(Data records)
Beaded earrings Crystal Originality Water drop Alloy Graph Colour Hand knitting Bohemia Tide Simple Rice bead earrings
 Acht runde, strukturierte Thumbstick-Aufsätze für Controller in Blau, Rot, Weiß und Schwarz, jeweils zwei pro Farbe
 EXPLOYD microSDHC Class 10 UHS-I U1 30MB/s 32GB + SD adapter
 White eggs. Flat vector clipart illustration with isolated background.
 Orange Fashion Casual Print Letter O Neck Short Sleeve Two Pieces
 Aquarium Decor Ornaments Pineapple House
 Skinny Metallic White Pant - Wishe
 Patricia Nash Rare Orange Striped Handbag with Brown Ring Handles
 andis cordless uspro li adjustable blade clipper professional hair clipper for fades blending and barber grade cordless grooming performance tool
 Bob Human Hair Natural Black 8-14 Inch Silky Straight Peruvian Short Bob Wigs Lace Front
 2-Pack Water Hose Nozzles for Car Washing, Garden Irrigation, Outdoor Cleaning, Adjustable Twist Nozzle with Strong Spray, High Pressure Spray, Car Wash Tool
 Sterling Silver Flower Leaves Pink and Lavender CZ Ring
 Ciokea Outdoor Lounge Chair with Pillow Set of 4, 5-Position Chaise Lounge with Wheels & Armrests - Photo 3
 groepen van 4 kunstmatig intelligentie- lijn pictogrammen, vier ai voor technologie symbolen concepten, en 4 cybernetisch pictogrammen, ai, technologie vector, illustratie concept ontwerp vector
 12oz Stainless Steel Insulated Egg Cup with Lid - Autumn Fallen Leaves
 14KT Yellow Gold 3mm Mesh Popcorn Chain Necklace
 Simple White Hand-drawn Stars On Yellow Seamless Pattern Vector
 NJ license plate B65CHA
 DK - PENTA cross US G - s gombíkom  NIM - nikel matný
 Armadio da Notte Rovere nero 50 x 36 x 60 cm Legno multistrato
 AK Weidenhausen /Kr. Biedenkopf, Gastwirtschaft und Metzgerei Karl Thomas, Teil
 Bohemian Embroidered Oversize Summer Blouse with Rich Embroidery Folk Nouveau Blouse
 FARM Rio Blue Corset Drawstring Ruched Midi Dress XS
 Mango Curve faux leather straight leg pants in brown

### Your instructions:
The answer must be the line containing "NJ license plate B65CHA" and every line after it through the end of the records, repeated exactly.

### Problem solution:
 NJ license plate B65CHA
 DK - PENTA cross US G - s gombíkom  NIM - nikel matný
 Armadio da Notte Rovere nero 50 x 36 x 60 cm Legno multistrato
 AK Weidenhausen /Kr. Biedenkopf, Gastwirtschaft und Metzgerei Karl Thomas, Teil
 Bohemian Embroidered Oversize Summer Blouse with Rich Embroidery Folk Nouveau Blouse
 FARM Rio Blue Corset Drawstring Ruched Midi Dress XS
 Mango Curve faux leather straight leg pants in brown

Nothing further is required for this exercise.